The NSW government's new hydrogen strategy has identified Wagga as a potential site for production, distribution and industrial use of the cutting-edge energy source that promises zero carbon emissions.
The legislation enabling funds for the strategy was approved by NSW Parliament on Friday with the aim of stimulating more than $80 billion in private investment and 10,000 jobs across the state in the new form of energy.
The strategy's main focus was on $70 million to develop hydrogen hubs in the Illawarra and Hunter regions.
However, Wagga's leaders have said the city has the ability to attract new jobs and businesses though developing hydrogen to supply energy to industrial users and fuel for transport.
The strategy also listed Wagga as a potential hydrogen hub due to the city's location near freight rail, high-voltage transmission lines, renewable energy and waste water treatment plants as a potential source for hydrogen gas.
Wagga mayor Greg Conkey said the city was ideally placed for hydrogen.
"Energy is a major component of this and Wagga is ideally situated, being the electricity transmission hub for southern Australia with power coming in from Snowy 2.0 and going out to South Australia and tapping into all the solar farms," Cr Conkey said.

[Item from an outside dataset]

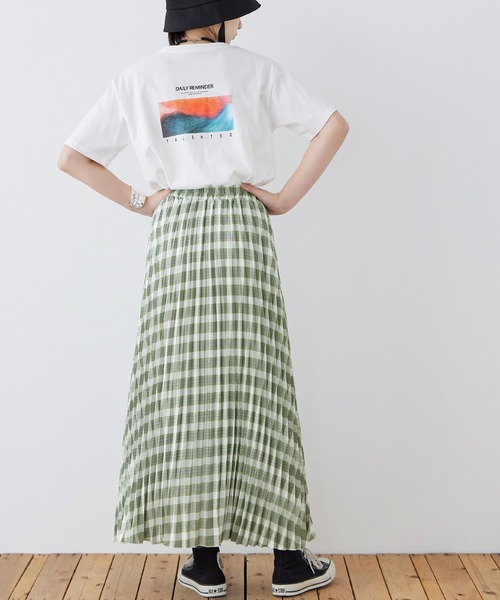 Fashion Letter(ファッションレター)の「ポプリン チェックプリント プリーツスカート(スカート・レディース・ブルー/グリーン/ブラック・M)」の19枚目の写真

"The Energy Minister Matt Kean months ago said Wagga had the potential of becoming the Hunter Valley of southern Australia ... it's the energy of the future, I'm sure."

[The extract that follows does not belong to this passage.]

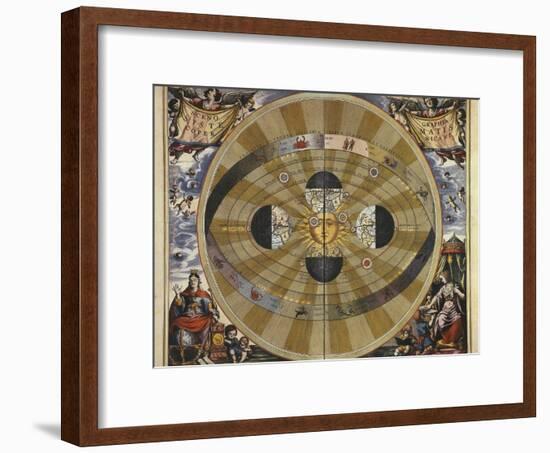 Copernicus' Heliocentric System-Andreas Cellarius-Framed Art Print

The hydrogen strategy called for the government to fund a 100 per cent hydrogen reticulation gas pipeline in the Wagga special activation precinct through the $4.2 billion Snowy Hydro Legacy Fund.
"The Regional Growth NSW Development Corporation has already committed to funding a hydrogen reticulation network to supply industrial customers in the Wagga precinct," the strategy stated.
Reticulation networks use low-pressure pipelines to service particular areas, such as the special activation precinct at Bomen that will use streamlined planning approvals to attract new industrial businesses.
Committee 4 Wagga chief executive Brett Somerville said hydrogen was a clean energy source for the national plan to reach net zero carbon emissions.
"It's a great opportunity for Wagga to be part of the future," he said.
"We're a greenfield site, so it's quite easy for the storage and logistics side of hydrogen to be established in Wagga.
"Being halfway between Sydney and Melbourne and on the way to Adelaide means Wagga is a great location for the storage of hydrogen, which has to be treated specially when it is transported, and the rail line will be a significant part in that."